You Thought Health Care Was Complicated?

The Repercussions of Deporting 11 Million Are Too

Open Letter to President Trump:

During the recent campaign you told the American electorate you would immediately deport all illegal aliens upon your election. Implied in this promise is that their children would also be deported, since most parents would never choose to leave without their children.

On February 21, the Department of Homeland Security (DHS) announced greatly broadened guidelines for those who could be deported — making virtually any undocumented alien subject to deportation — and the hiring of an additional 15,000 agents to accomplish this.

The supposed aim of this policy is to provide jobs to American citizens (and documented aliens) by removing the 11.1 million undocumented aliens living in the U.S., two-thirds of whom have lived in the U.S. for 10 years or longer, and who have about 4.5 million children born in the U.S. — now U.S. citizens.

That’s a lot of illegal aliens to deport. Since 8 million of the undocumented are gainfully employed, their deportation will have dramatic economic repercussions.

While the recently announced guidelines emphasize agent stops, apprehensions, and deportations, you have other means available to achieve your goals — Romney’s “self-deportation” and mass forced repatriation.

Self-deportation can best be described as the creation of an atmosphere that forces the undocumented to leave the country “voluntarily,” even though many could not afford to do so even if they wanted to. It can be best accomplished by instilling an abiding fear in employers that they will be prosecuted to the full extent of the law for hiring illegal aliens. Existing law provides civil and criminal penalties for illegal hires, from civil fines of $100 per violation to imprisonment for 10 years.

A vigorous, pervasive and persistent campaign of employer civil and criminal prosecutions — a campaign of shock and awe — may create such an abiding fear.

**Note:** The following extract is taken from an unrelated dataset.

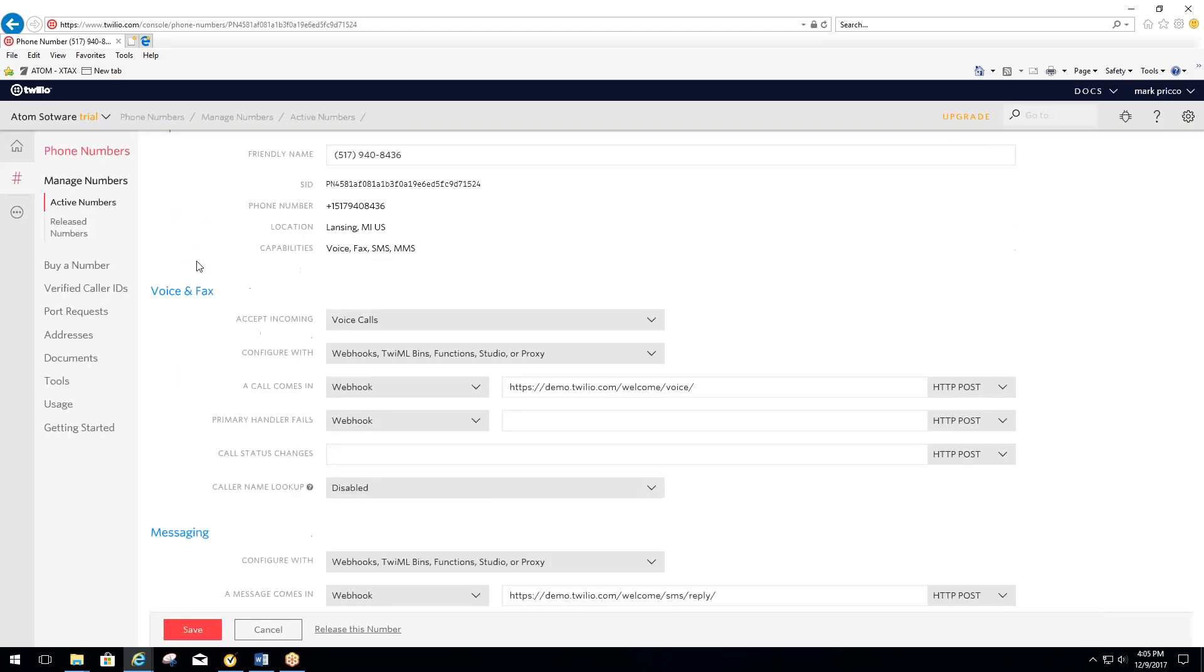From here, this is where you're going to configure the voice for the calls and also for the messaging. Down here with this line where it says all calls come in, you're going to set this up so it's actually going to be forwarded.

No paper tigers here — raids, arrests, and prosecutions of employers; no settlements without admissions of guilt; no guilty verdicts without fines and imprisonment.

Your campaign would have to prevail in all 50 states and at all levels of employment, from the large meat-packing plants to moms hiring housekeepers and nannies. To accomplish this, your agents would have to conduct workplace raids and paper raids (“I-9 audits”).

Aside from the fact that this would require an new army of civil servants to implement, other than just the ICE (Immigration and Customs Enforcement) and DHS agents involved, do you want to create a climate of employer fear? Apparently not, since you seem to have chosen the second alternative — forced repatriation.

Forced repatriation will require another campaign of shock and awe to work quickly and efficiently. The campaign must capture and deport aliens, but frighten at least some illegal aliens and their families into leaving, another way to force self-deportation.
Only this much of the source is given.